Lincoln’s Laws
10 Lessons for Today’s Local Government Executives
© 2011 Jim Schutz. Printed in Public Management (PM) Magazine, March 2011.
Reading Time: 6 minutes
Executive Summary (30 second read): Inspired by Doris Kearns Goodwin's book Team of Rivals, the article identifies 10 "Lincoln laws" relevant to modern governance. These include creating a diverse team of rivals to challenge and improve decision-making, not getting bogged down by detractors, and the importance of allegiance and integrity. Lincoln's awareness of public opinion and strategic timing, his use of simple language to convey complex ideas, and his honesty are also highlighted. The article underscores Lincoln's ability to find humor in stress, make decisions without personal bias, spend time with front-line workers, and focus on leaving a meaningful legacy. It concludes that success in local government, like in Lincoln's time, is more achievable when working collaboratively with others.
Full Article:
Despite the fact that the license plates on my parents’ cars always proclaimed “Land of Lincoln,” merely growing up in Illinois did not give me any inherent insights into its favorite son. It wasn’t until one of our longtime, retiring city councilmembers presented the mayor with Doris Kearns Goodwin’s book, Team of Rivals, that my interest in President Abraham Lincoln bloomed.
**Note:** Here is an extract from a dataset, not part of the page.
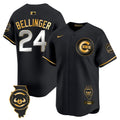 Men's Chicago Cubs Illinois Patch Vapor Premier Limited Jersey V2 - All Stitched - Black Gold, Cody Bellinger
As an assistant city manager, I was curious about why this book on Lincoln would be a valued gift from one veteran elected official to his closest colleague. After I read it, I was surprised and delighted to find a distinct set of traits, practices, and beliefs that guided Lincoln’s day-to-day decision making and leadership. What emerged for me was a sort of handbook of best practices for local government managers and other top local government executives.
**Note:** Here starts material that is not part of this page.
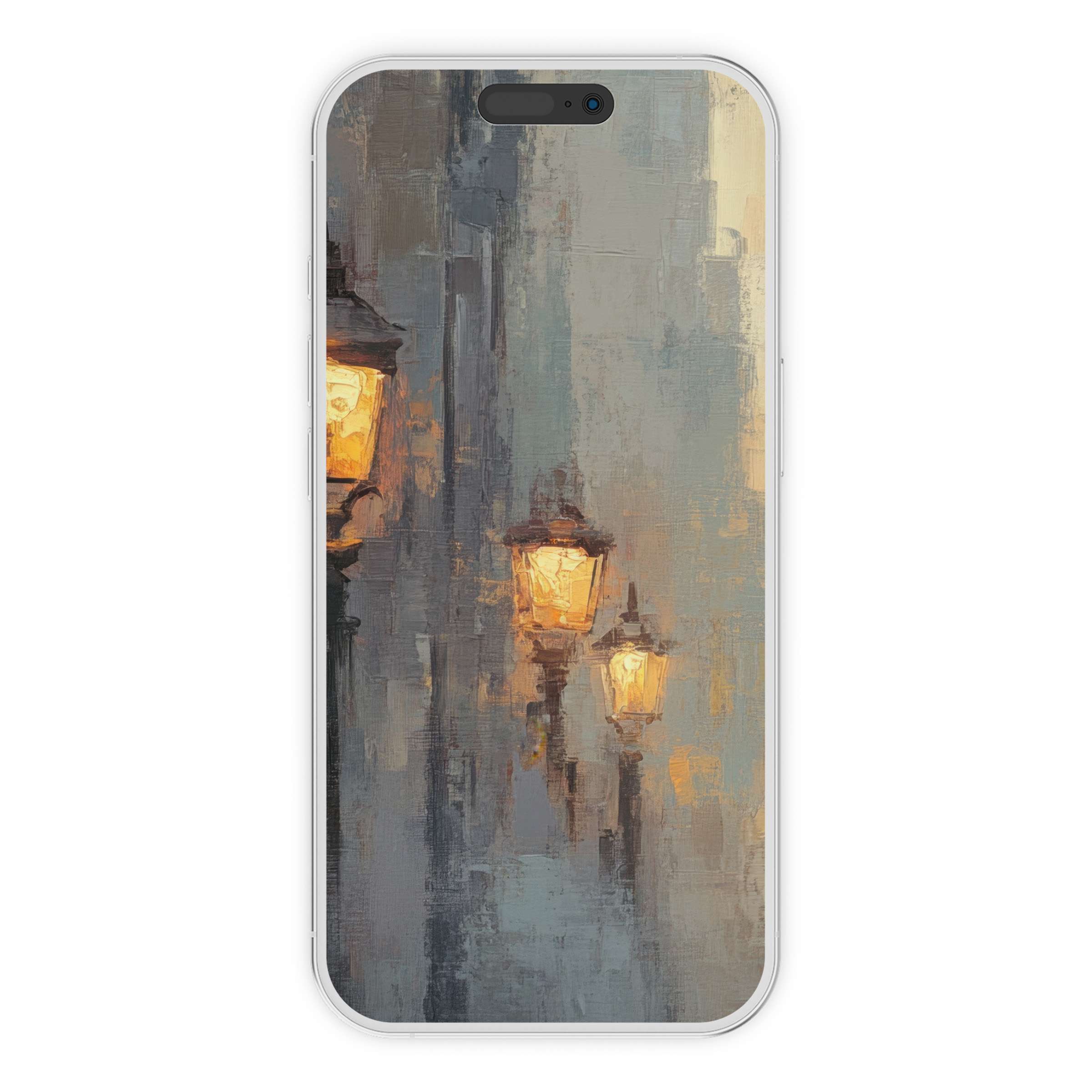 Urban art iPhone wallpaper featuring glowing street lamps on textured gray canvas digital download for elegant phone background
Lincoln, of course, was an elected official and not a manager. How he led his life has much to offer elected officials, including how to win an election, but his life may have even more to offer city and county administrators. Here I have assembled 10 “Lincoln laws” that are as relevant today as they were in 1860 when Lincoln was elected president, eggs were 18 cents a dozen, and the top iTunes download would have been “I’ve Been Working on the Railroad.”
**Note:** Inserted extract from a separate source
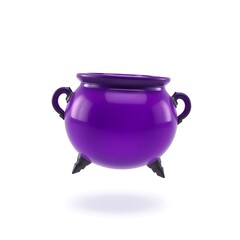 3d icon of a vibrant purple cauldron with handles and feet, isolated on a white background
1. Create Your Own Team of Rivals
After Lincoln first won the presidency, he made the surprising decision to fill his cabinet with his fiercest rivals, whom he had just outmaneuvered to win the top position. Goodwin notes, “Every member of his administration was better known, better educated, and more experienced in public life than Lincoln. Their presence in the cabinet might have threatened to eclipse the obscure prairie lawyer from Springfield.”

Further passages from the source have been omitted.